Proof of work vs proof of stake: A tale of two codes

“Proof of work, which is how Bitcoin operates, relies on really massive computers that basically compete with other massive computers to solve algorithms to produce Bitcoin,” said Dave Ford, founder of OPLN and co-founder and Board Director at BxC.

Assets created on blockchain (such as cryptocurrency) rely on consensus mechanisms to prove the unit has value. For proof of work-minted crypto, this consensus currently comes at the price of a disproportionately high carbon footprint that only benefits a select few.

Blockchain has an image problem due to its association with cryptocurrency — much of which famously and catastrophically collapsed throughout 2022. Crypto mining is responsible for about 0.3 percent of global greenhouse gas emissions, largely resulting from fossil-powered energy and the resurrection of fossil fuel assets to power the sector.

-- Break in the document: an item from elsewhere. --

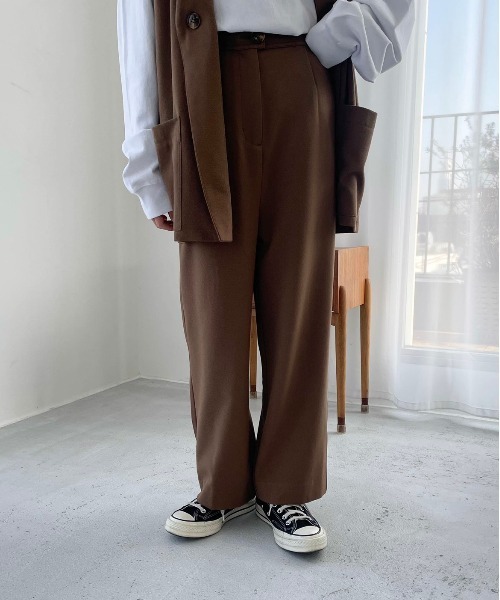 flaner（フラネ）の「ハイウエストストレートパンツ【セットアップ可】（その他パンツ・レディース・ブラウン・SMALL/MEDIUM）」の14枚目の写真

The Ethereum platform recently switched to a less energy-intensive consensus mechanism. Greenpeace is now pushing Bitcoin to “Change the code, not the climate” and switch to a less energy-intensive consensus mechanism called proof of stake.

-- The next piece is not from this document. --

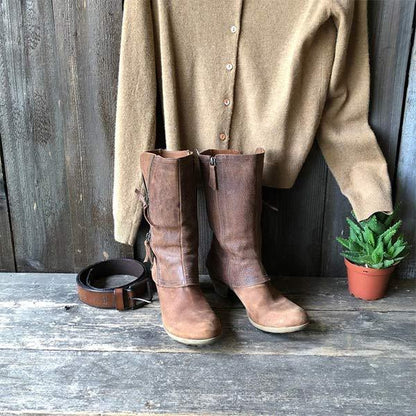 Bottes en cuir à talons épais et fermeture éclair latérale pour femme 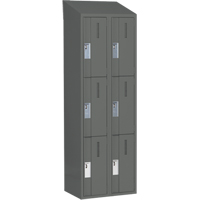 Casiers robustes Concorde, 3 niveaux, Bloc de 2, 24" x 18" x 78", Acier, Charbon, Soud&eacute; (assembl&eacute;) Helyx Safety & Industrial Supplies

Proof of stake doesn't rely on competitive supercomputers and dirty energy but decentralized and distributed computing that’s less energy-intensive than proof of work. BxC’s current and most pressing dilemma is distinguishing between these two fundamental blockchain mechanisms and championing proof of stake as a potential climate boon.

“The biggest macro challenge with anything blockchain related is overcoming these negative crypto narratives,” Ford said. “You have this general misunderstanding that anything crypto and therefore, blockchain, is bad for the environment; and that just isn't true.”

Cryptocurrency aside, there’s a myriad of possible cleantech-related applications for blockchain — applications that BxC is convinced will fundamentally shift supply chain and carbon emissions reporting.

Proof of stake as a climate solution

Ford believes proof of stake will enable blockchain to move beyond its most pernicious environmental impact and become a driver for pro-climate solutions. He also believes that all of environmental, social and governance (ESG) metrics will live on web3 technology in the next 5-10 years because blockchain allows everyone to view material history — from point of origin to shelf.

Right now, proof of stake use cases are largely about verification and trust in carbon markets, such as BxC partner Regen Network. Supply chain transparency is another established space for blockchain to shine.

Transparency and trust are pain points in the ESG space, and BxC believes that open-ledger model blockchain platforms are the secret sauce.

“Eventually, every part in the supply chain will be trackable and transparent [with blockchain],” Ford said. “The world needs blockchain now to solve scope 3. Blockchain offers transparent carbon tracking that takes the smoke and mirrors out of it; so, instead of voluntary reporting, blockchain has the opportunity to solve greenwashing long term.”

Ford sees a world where it’s no longer a choice between voluntary and mandatory reporting, but that everything will be transparent by default because the supply chain will live on web3. The transition to web3 solutions will take buy-in from large actors at scale to begin the ripple effects after key stakeholder adoption; and this is where BxC comes in.

“We need a holistic understanding to move at breakneck speed if we’re going to have any chance of hitting Paris Agreement goals,” Ford said.

As the smog of energy-intensive crypto mining settles, the possibilities for blockchain as a climate solution are becoming clearer. While BxC and the sector strategize on use cases for saving the planet, Ford suggested to corporations:

“Get educated as soon as humanly possible. This wave is coming, and crypto and blockchain are not the same thing.”